Thank you, Mr. Chairman.
Good morning. As Mr. Benoit said, my name is Gil McGowan. I'm president of the Alberta Federation of Labour. The AFL is Alberta's largest union organization. We represent 29 unions in the public and private sector, who, in turn, represent more than 145,000 working Albertans, including more than 25,000 people who work directly in our province's energy sector.
I'm here today because I'm profoundly troubled by the approach to the development of the oil sands that's being championed by the federal government. It's an approach some analysts have described as “an unmitigated growth strategy”. I call it a wild west “rip it and ship it” strategy for development.
Since winning his long-sought-after majority a year ago, Prime Minister Harper has made this new approach to development in the oil sands a central pillar in his government's plan for the future. It's an approach that's characterized by a commitment to quick regulatory approvals for resource extraction projects, quick approvals for pipelines to export raw bitumen, and quick approvals for employers who want to access to cheap temporary foreign workers to work those projects and pipelines.
The government's new approach is also characterized by efforts to demonize and denigrate anyone who raises concerns about the oil sands or how it's being developed. Critics are labelled as radical, as opponents of progress, and as enemies of Alberta. In a nutshell, the Prime Minister has put his government at the disposal of the energy industry. The government is no longer a watchdog looking after the broader public interest; it is now a cheerleader and facilitator for the narrow goals of industry. The tools and mechanisms of government have become the tools and mechanisms of industry, and anyone who gets in the way will either be ignored or run over.
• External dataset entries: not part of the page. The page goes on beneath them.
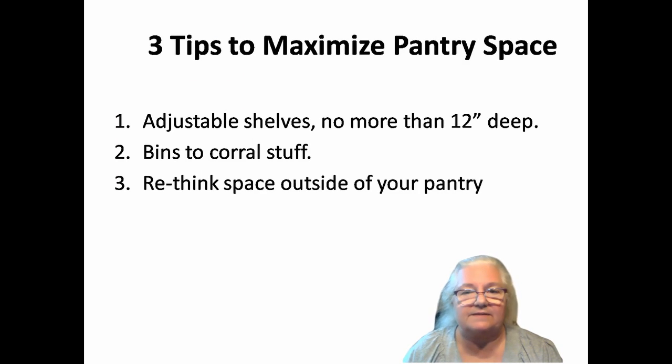I have three tips to help you maximize your pantry space, just in case you need a wee bit more. The first is to use adjustable shelves — that way every inch of space can be utilized. And don't make them deep; twelve inches is plenty. Next, use bins, because as you see on Pinterest, buckets and baskets corral your stuff and keep like items together. And finally, rethink the space outside of the pantry, because there might be items you can remove from the pantry, giving yourself more room.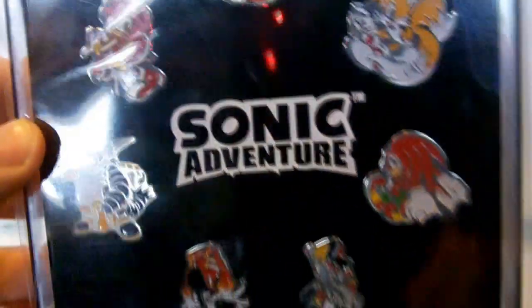The pins included are Sonic, Tails, Knuckles, E-102 Gamma, Eggman, Big the Cat, and Amy.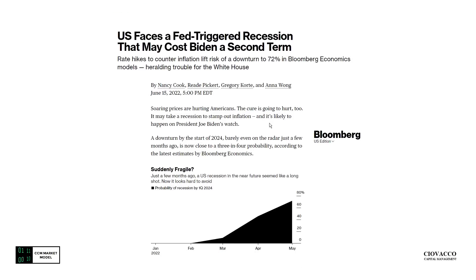From a historical perspective and based on present-day data, the probability of a recession has ticked up significantly. According to Bloomberg Economics we're up to about a 72% probability.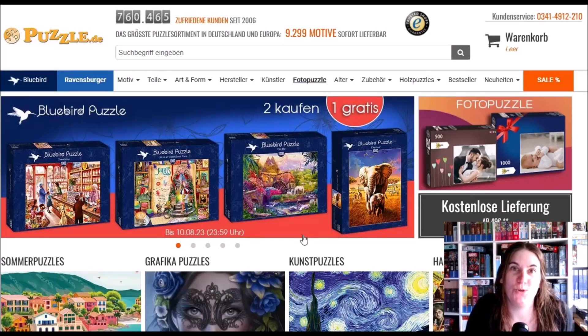Hello everybody and welcome! We are looking at the new stuff at puzzle.de. It's not puzzleonline.de, it's puzzle.de — there's a shop called puzzleonline.de and that's basically the same seller and the same shop.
As a labour leader on the front lines of development of the oil sands, I am both angry and alarmed by our country's evolving approach to growth in the resource sector. As a proud Albertan, I'm deeply offended by senior members of the Harper government who try to characterize people like me as hostile to the interests of Alberta and hostile to the interests of our key industry. It is not un-Albertan or un-Canadian to raise questions about what's going on in the oil sands. On the contrary, as someone who cares deeply about my province, I feel I have a duty and obligation to raise my voice in opposition to what I see in front of me. It is also not divisive or an unwarranted attack on the west to engage in a mature discussion about the future of the oil sands. In fact, if anyone is playing politics with this issue, it's the Harper Conservatives, who are deliberately trying to put any and all discussions of the oil sands as an us-against-them fight.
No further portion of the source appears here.